BEGIN Records supplied

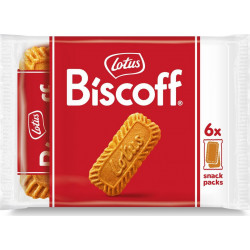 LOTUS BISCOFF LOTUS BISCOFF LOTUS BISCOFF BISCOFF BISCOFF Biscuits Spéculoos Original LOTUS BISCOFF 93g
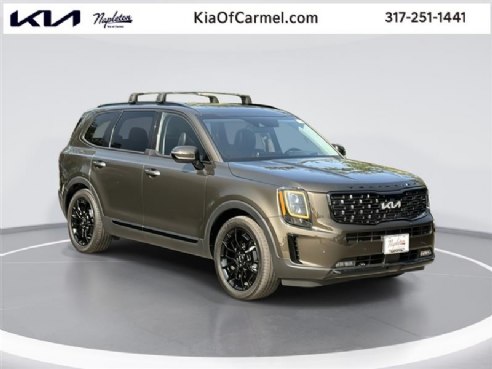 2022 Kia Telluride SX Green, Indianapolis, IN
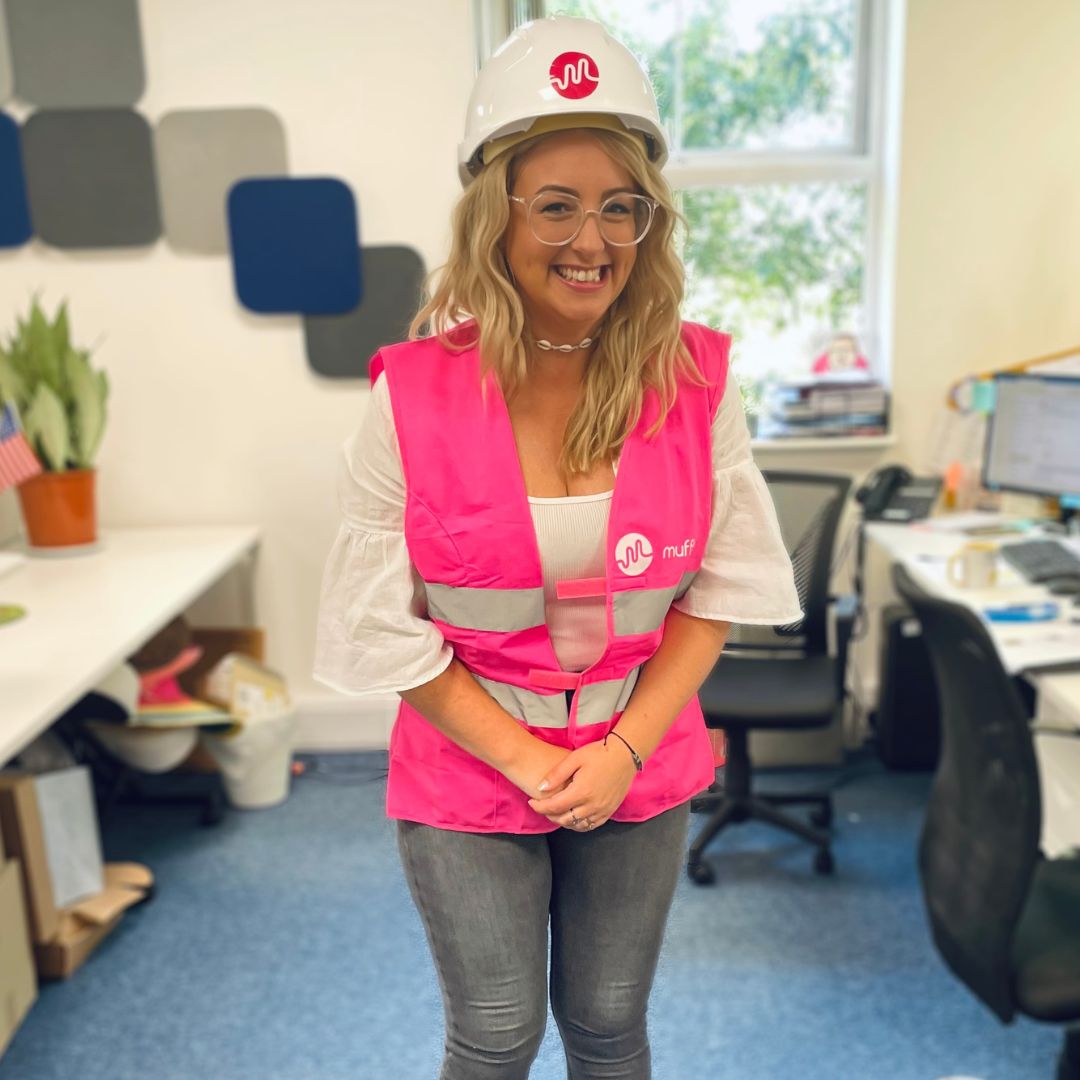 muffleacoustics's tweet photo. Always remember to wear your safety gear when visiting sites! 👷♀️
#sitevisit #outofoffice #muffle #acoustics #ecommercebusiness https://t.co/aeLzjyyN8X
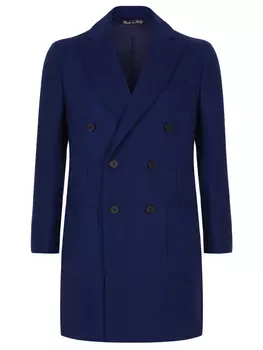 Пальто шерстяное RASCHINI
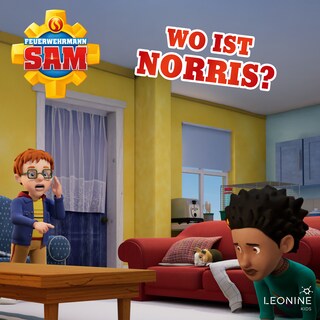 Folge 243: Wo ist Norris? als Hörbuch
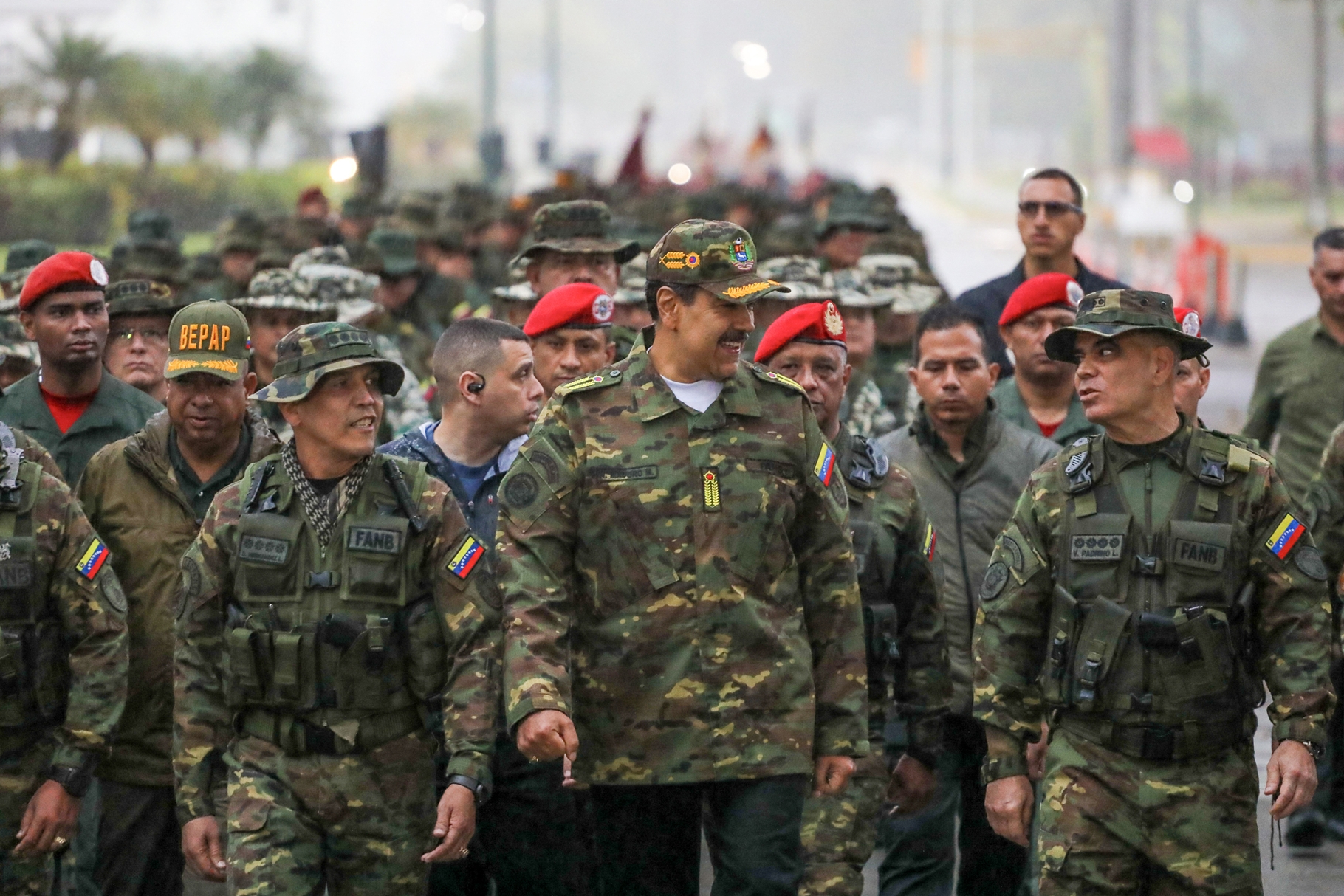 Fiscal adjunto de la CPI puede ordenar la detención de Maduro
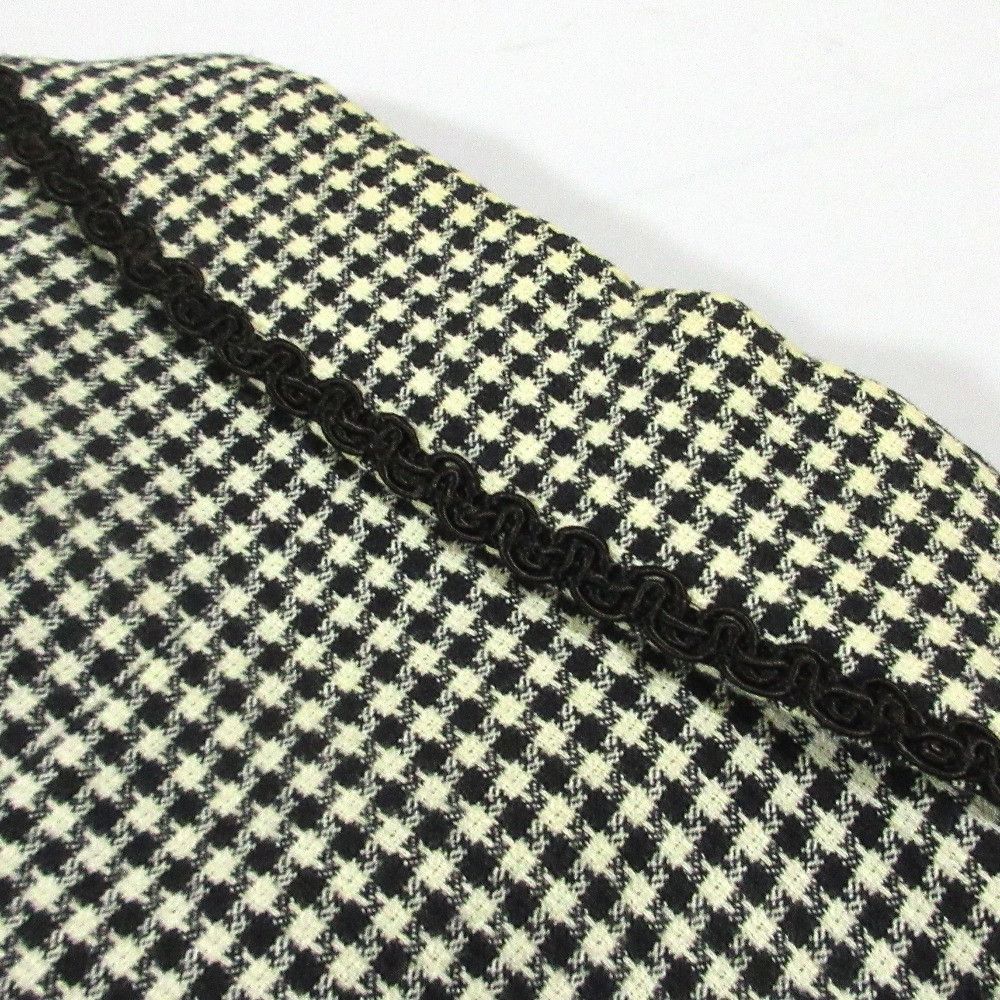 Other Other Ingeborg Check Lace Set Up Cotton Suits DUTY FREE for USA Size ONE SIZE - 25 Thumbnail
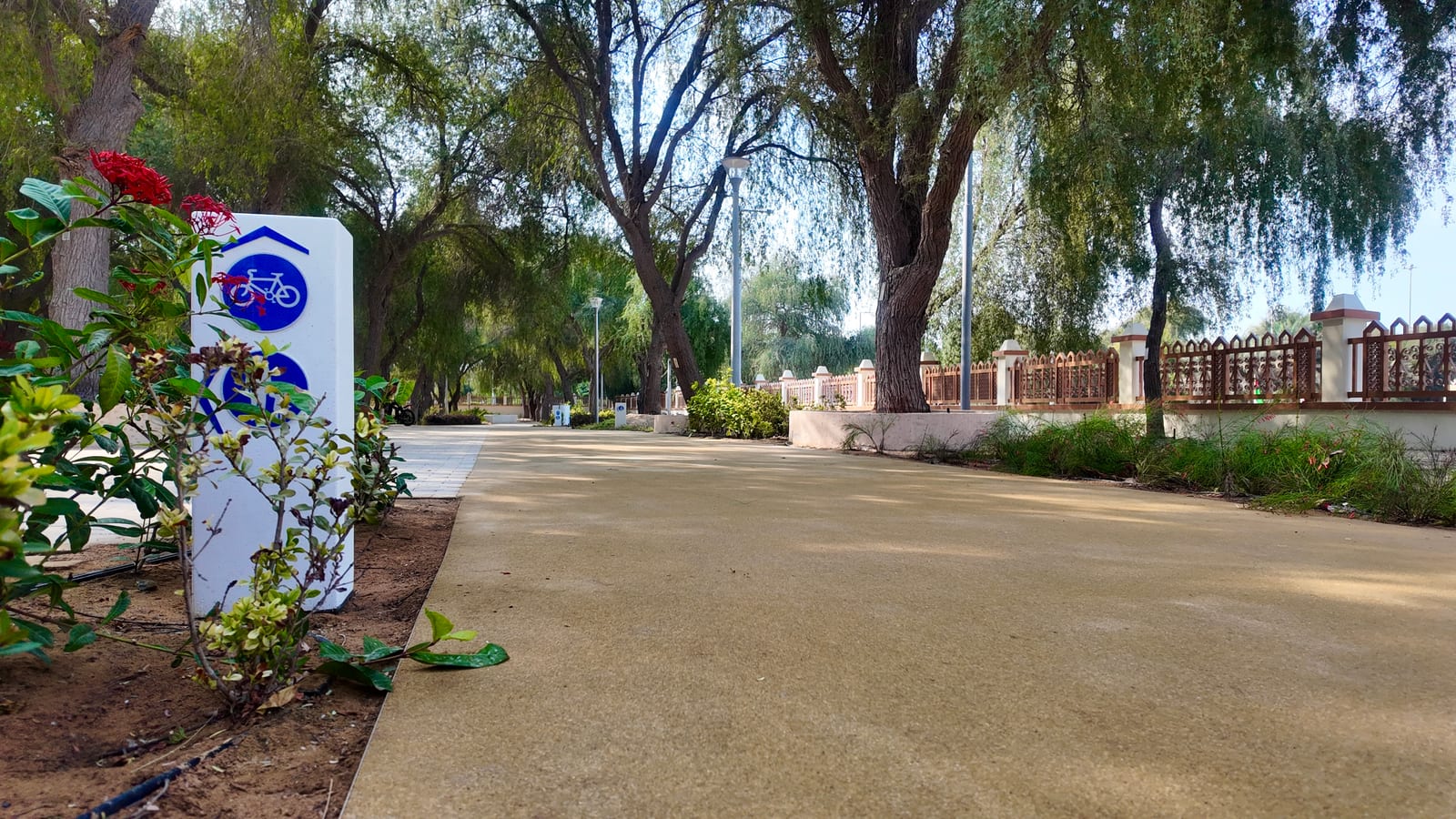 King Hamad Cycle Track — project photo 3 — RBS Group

END Records supplied

Without the images, write out all of the records exactly.

* Written response
 LOTUS BISCOFF LOTUS BISCOFF LOTUS BISCOFF BISCOFF BISCOFF Biscuits Spéculoos Original LOTUS BISCOFF 93g
 2022 Kia Telluride SX Green, Indianapolis, IN
 muffleacoustics's tweet photo. Always remember to wear your safety gear when visiting sites! 👷♀️
#sitevisit #outofoffice #muffle #acoustics #ecommercebusiness https://t.co/aeLzjyyN8X
 Пальто шерстяное RASCHINI
 Folge 243: Wo ist Norris? als Hörbuch
 Fiscal adjunto de la CPI puede ordenar la detención de Maduro
 Other Other Ingeborg Check Lace Set Up Cotton Suits DUTY FREE for USA Size ONE SIZE - 25 Thumbnail
 King Hamad Cycle Track — project photo 3 — RBS Group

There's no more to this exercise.